### Exercise requirements
Only a slice of the listing below is wanted. Retype the lines from the one containing "Události v regionech" through the one containing "Stunning home in", exactly, both ends included.

### Provided records
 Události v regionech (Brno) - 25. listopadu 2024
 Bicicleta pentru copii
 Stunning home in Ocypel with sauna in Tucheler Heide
==
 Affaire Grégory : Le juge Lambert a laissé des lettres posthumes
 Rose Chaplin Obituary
==
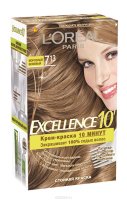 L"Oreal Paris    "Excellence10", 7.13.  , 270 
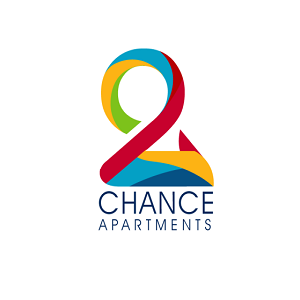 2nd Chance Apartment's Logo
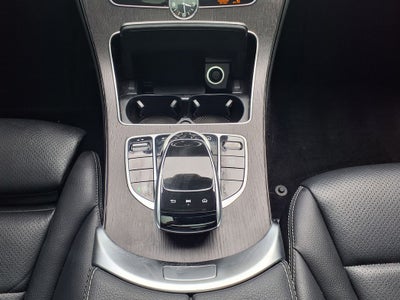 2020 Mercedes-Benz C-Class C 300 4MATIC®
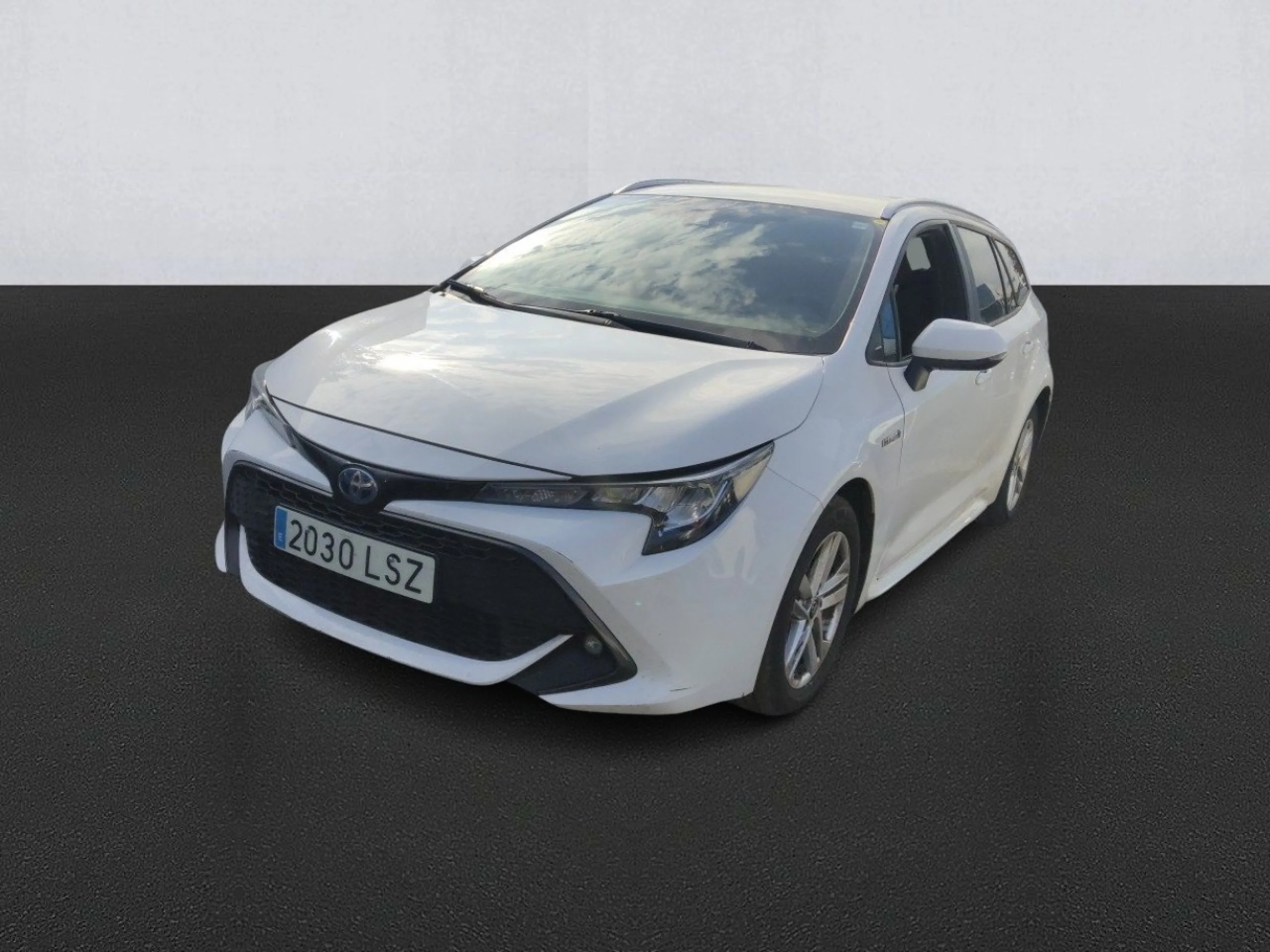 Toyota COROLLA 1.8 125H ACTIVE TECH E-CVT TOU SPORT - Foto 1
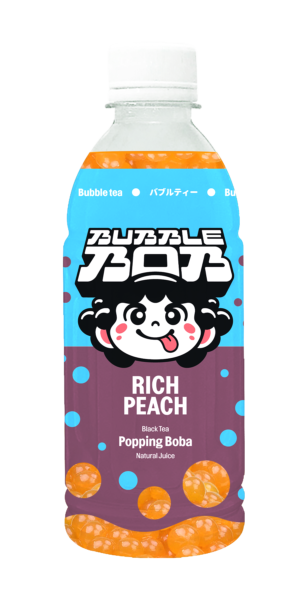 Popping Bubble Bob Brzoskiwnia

### Answer for the task
 Události v regionech (Brno) - 25. listopadu 2024
 Bicicleta pentru copii
 Stunning home in Ocypel with sauna in Tucheler Heide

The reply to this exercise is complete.